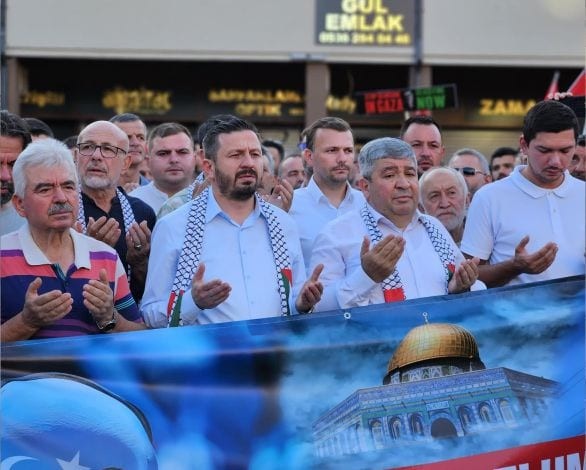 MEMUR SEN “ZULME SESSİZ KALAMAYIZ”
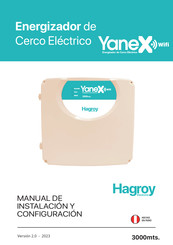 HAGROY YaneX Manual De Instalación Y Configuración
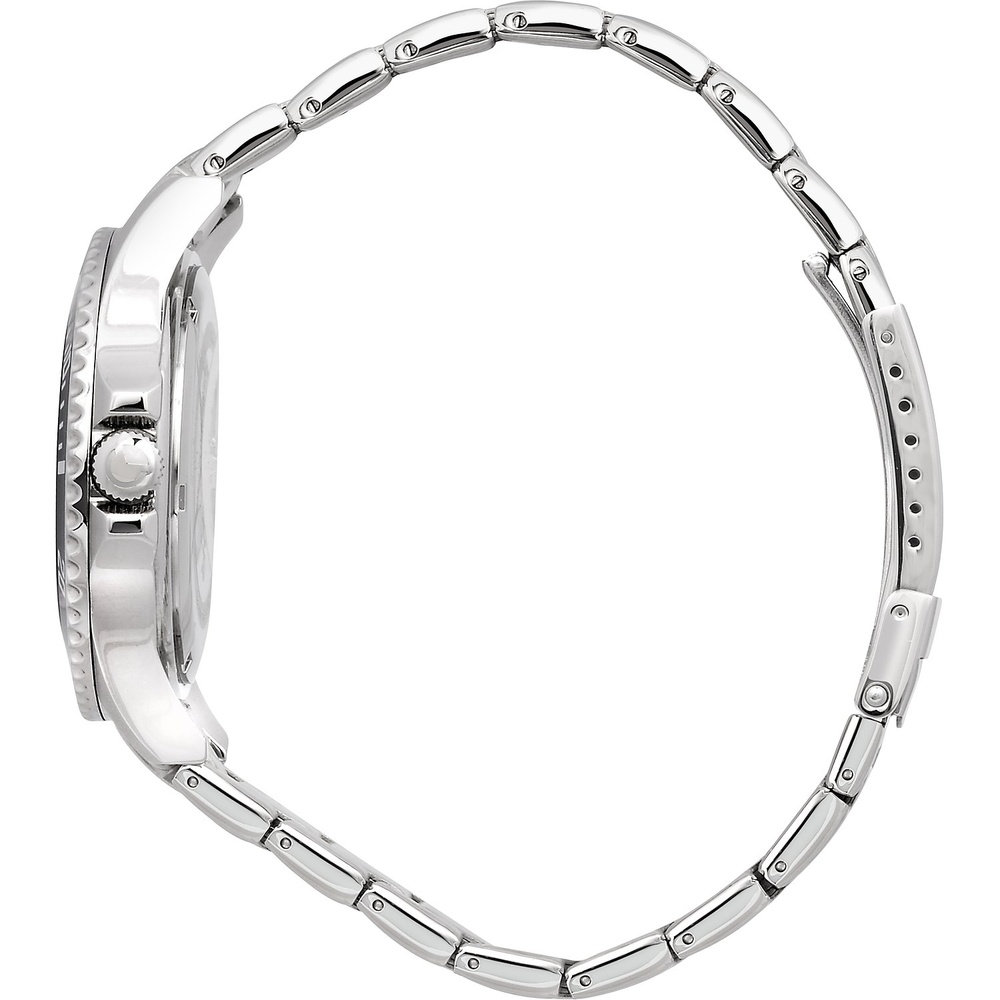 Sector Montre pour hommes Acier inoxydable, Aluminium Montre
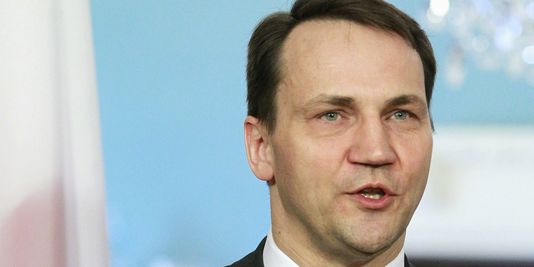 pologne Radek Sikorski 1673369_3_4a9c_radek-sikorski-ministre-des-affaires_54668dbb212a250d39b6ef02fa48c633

* TASK OBJECTIVE *
When an image appears in the data, skip it and output the rest exactly.

* TASK RESULT *
 MEMUR SEN “ZULME SESSİZ KALAMAYIZ”
 HAGROY YaneX Manual De Instalación Y Configuración
 Sector Montre pour hommes Acier inoxydable, Aluminium Montre
 pologne Radek Sikorski 1673369_3_4a9c_radek-sikorski-ministre-des-affaires_54668dbb212a250d39b6ef02fa48c633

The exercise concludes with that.